● **EXERCISE PROMPT**
Give the data again exactly as written, skipping any pictures.

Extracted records
....
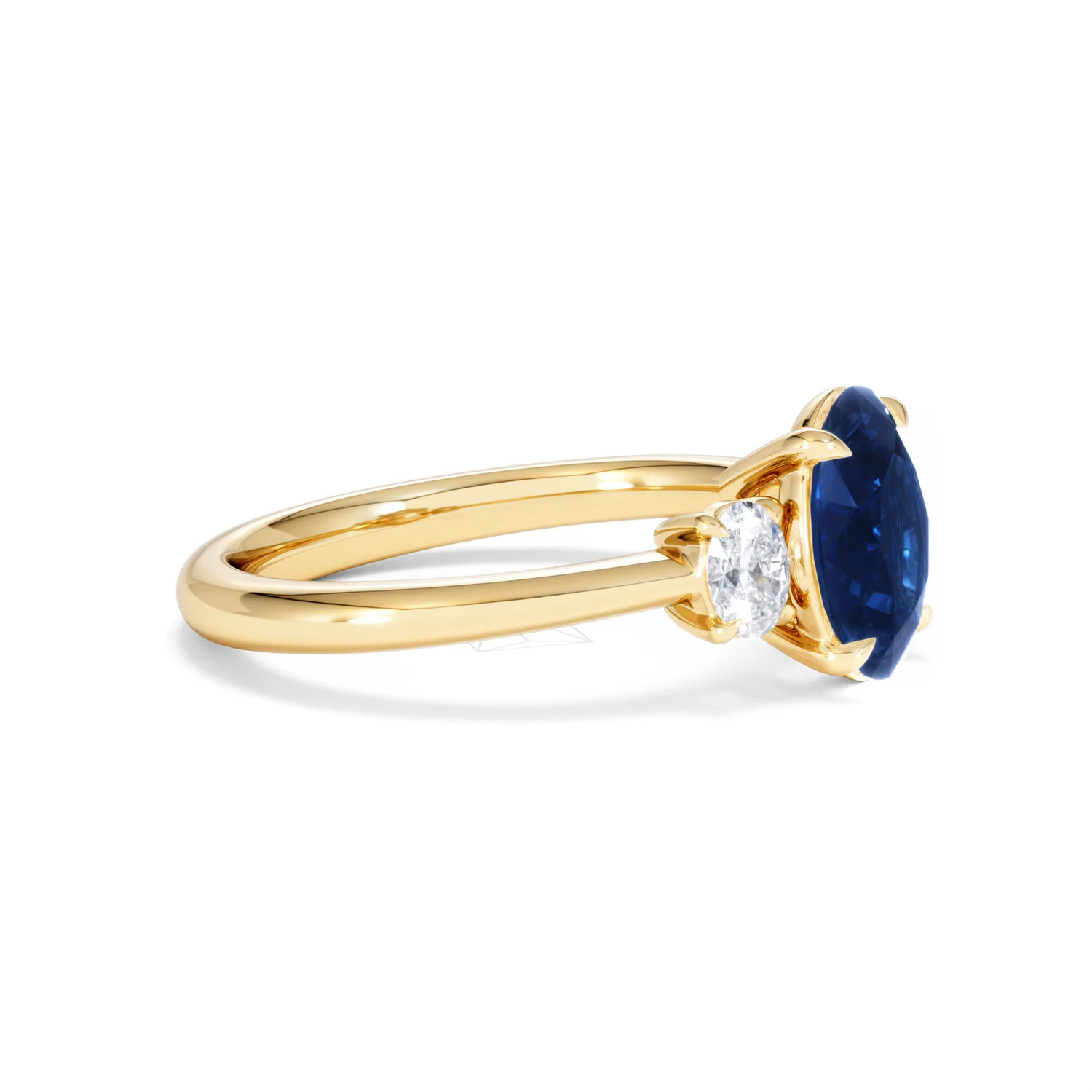 Solene 2.00ct Oval Cut Lab Sapphire and Lab Diamond 3 Stone Engament Ring in 18K Yellow Gold - Image 23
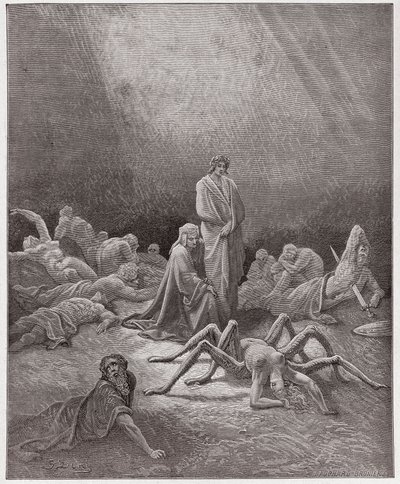 Die Göttliche Komödie, Purgatorio, Gesang 12: Dante betrachtet die Seele von Arachne - von Dante Alighieri (1265-1321) - Illustration von Gustave Doré (1832-1883) von Gustave Dore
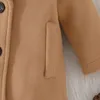 태어난 아기 소년 소녀 어린이 옷을위한 재킷 3 36 개월 패션 롱 슬리브 버튼 카키 코트 어린이 따뜻한 아웃웨어 231227
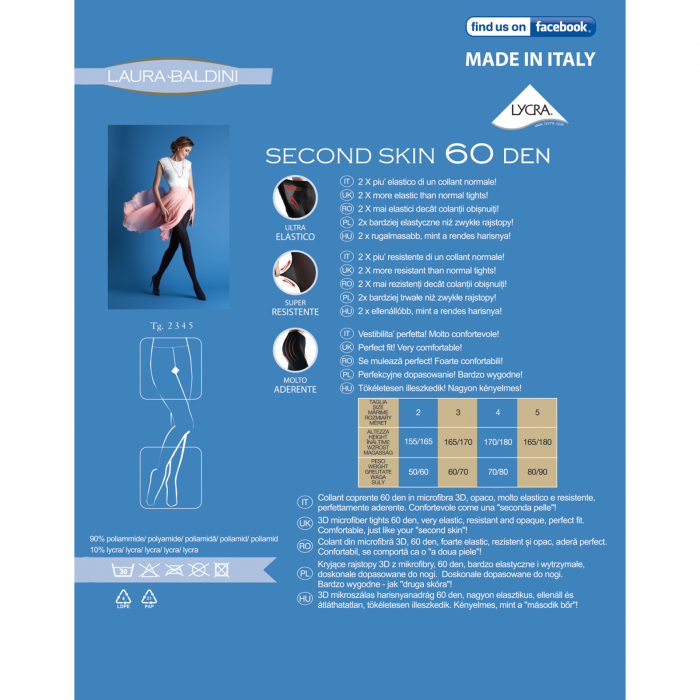 Dres opac SECOND SKIN 60 den din microfibra 3D, GARANTIE 2 ANI, Albastru [5]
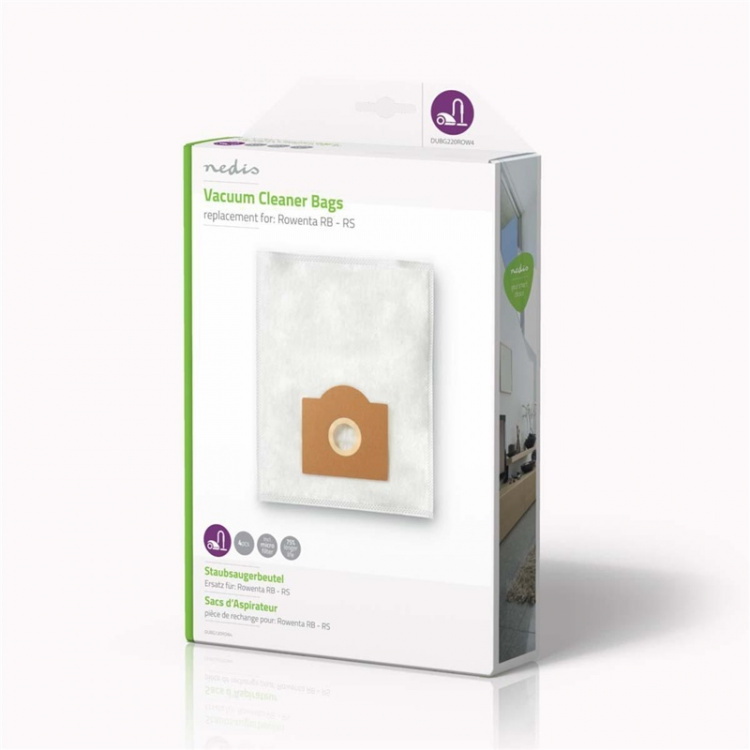 Nedis Pölypussi | 4 kpl | Mikrokuitu | Eniten myyty: Rowenta RB - RS | Valkoinen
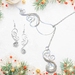 Silver Pearl Necklace set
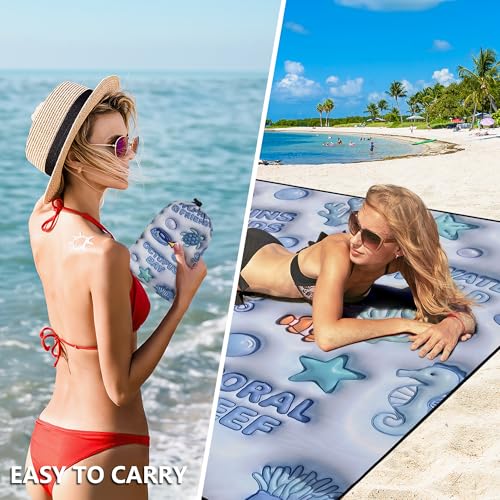 WIWIGO Beach Blanket Waterproof Sandproof Beach Mat 79" X 83"/10'x9'for 2-8 Adults Quick Drying Outdoor Picnic Mat Beach Accessories for Travel, Camping, Hiking - color: 3d - Ocean Light Blue, size: 79" X 83"（1-4person）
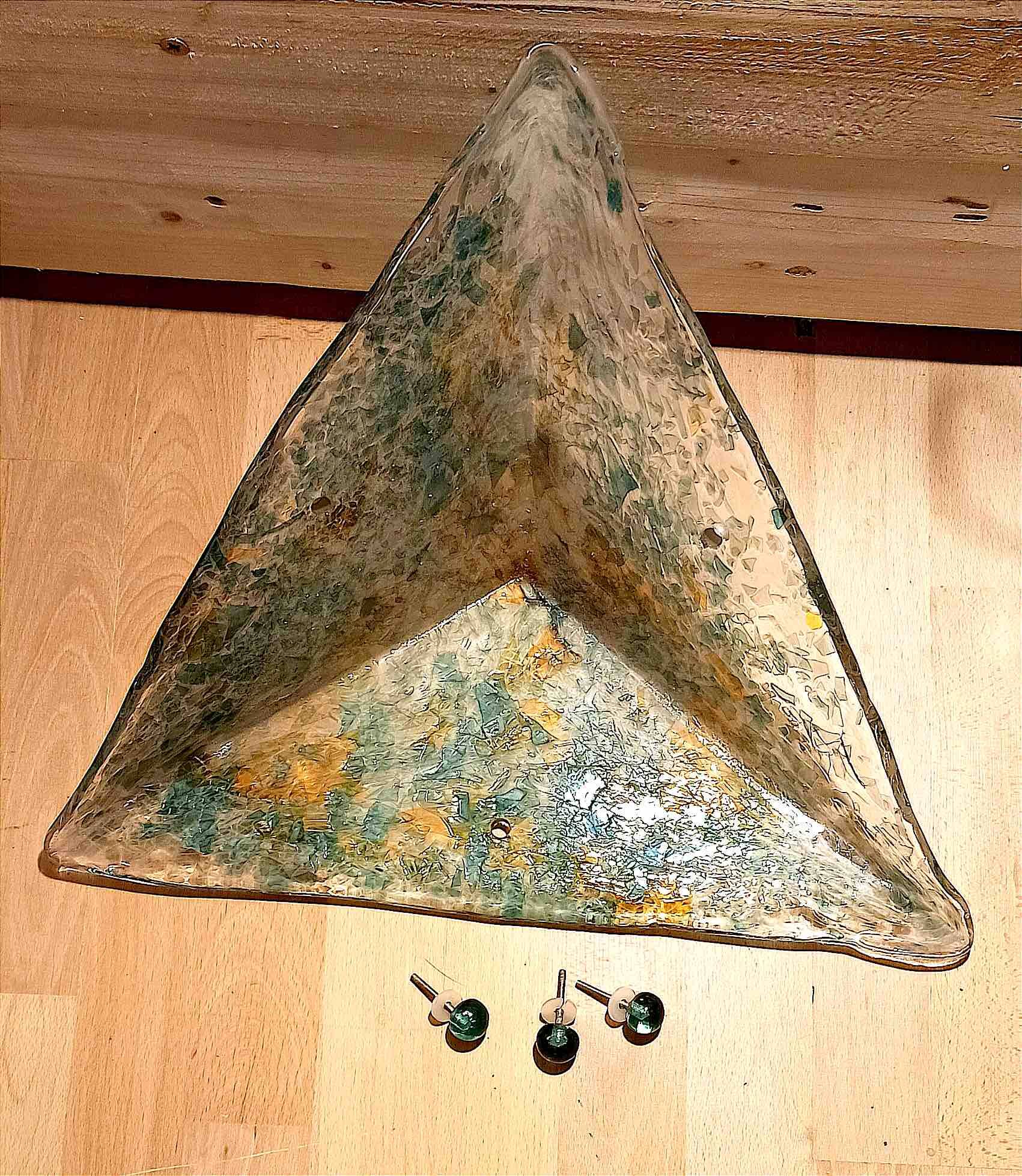 Triangular Murano light fixture (ceiling light or wall light) 1970s Height 48 cm
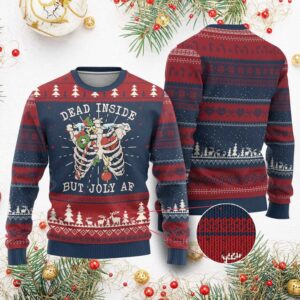 But Jolly AF Skeleton Christmas Ugly Sweater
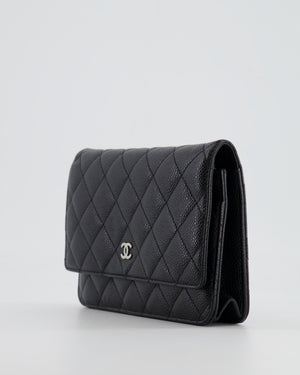 Chanel Black Wallet on Chain Bag in Caviar Leather with Silver Hardware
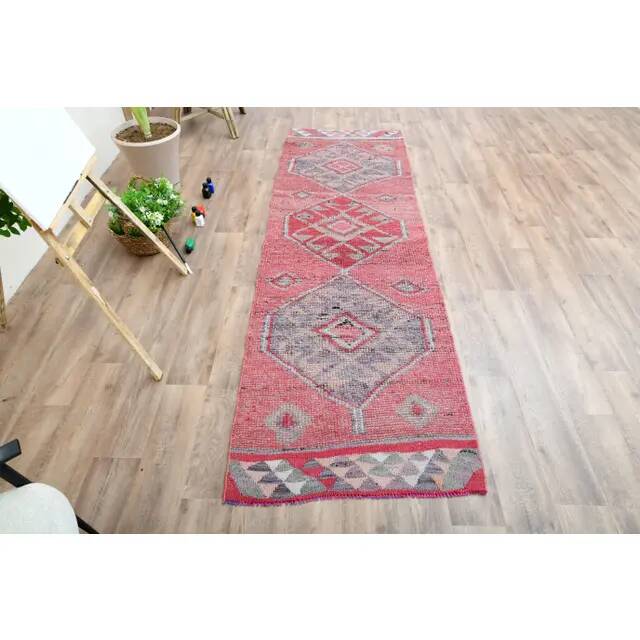 1970s Turkish Oushak Handmade Wool Cotton Pink Area Rug 86x276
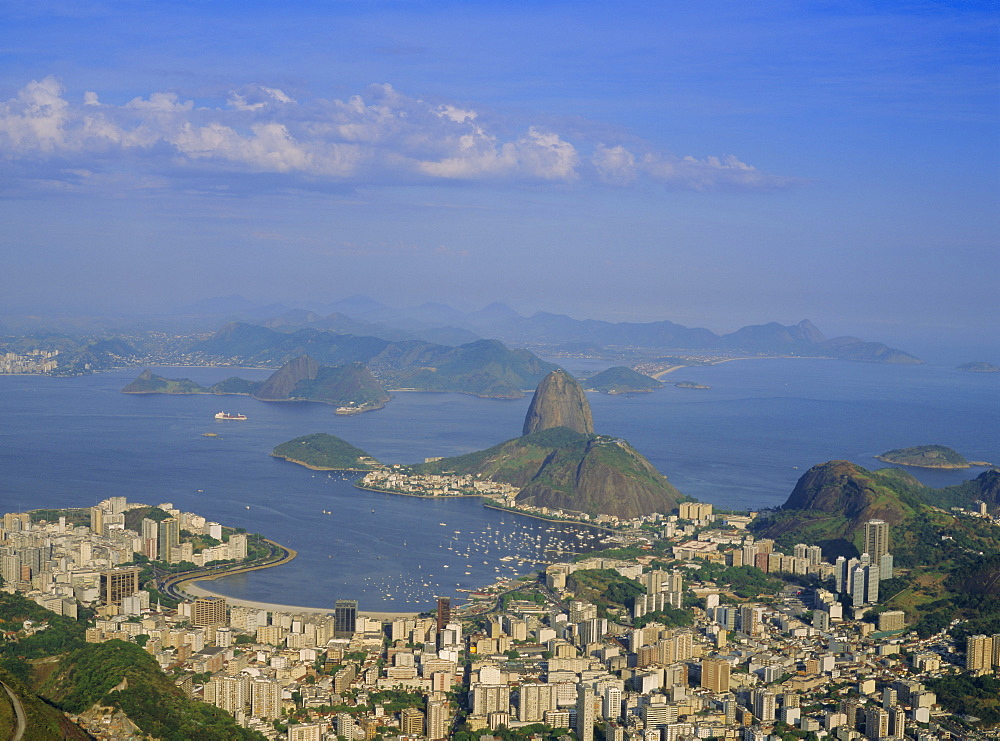 View over city, including Sugar Loaf, Rio de Janeiro, Brazil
....
● **RESULT FOR THIS TASK**
 Solene 2.00ct Oval Cut Lab Sapphire and Lab Diamond 3 Stone Engament Ring in 18K Yellow Gold - Image 23
 Die Göttliche Komödie, Purgatorio, Gesang 12: Dante betrachtet die Seele von Arachne - von Dante Alighieri (1265-1321) - Illustration von Gustave Doré (1832-1883) von Gustave Dore
 태어난 아기 소년 소녀 어린이 옷을위한 재킷 3 36 개월 패션 롱 슬리브 버튼 카키 코트 어린이 따뜻한 아웃웨어 231227
 Dres opac SECOND SKIN 60 den din microfibra 3D, GARANTIE 2 ANI, Albastru [5]
 Nedis Pölypussi | 4 kpl | Mikrokuitu | Eniten myyty: Rowenta RB - RS | Valkoinen
 Silver Pearl Necklace set
 WIWIGO Beach Blanket Waterproof Sandproof Beach Mat 79" X 83"/10'x9'for 2-8 Adults Quick Drying Outdoor Picnic Mat Beach Accessories for Travel, Camping, Hiking - color: 3d - Ocean Light Blue, size: 79" X 83"（1-4person）
 Triangular Murano light fixture (ceiling light or wall light) 1970s Height 48 cm
 But Jolly AF Skeleton Christmas Ugly Sweater
 Chanel Black Wallet on Chain Bag in Caviar Leather with Silver Hardware
 1970s Turkish Oushak Handmade Wool Cotton Pink Area Rug 86x276
 View over city, including Sugar Loaf, Rio de Janeiro, Brazil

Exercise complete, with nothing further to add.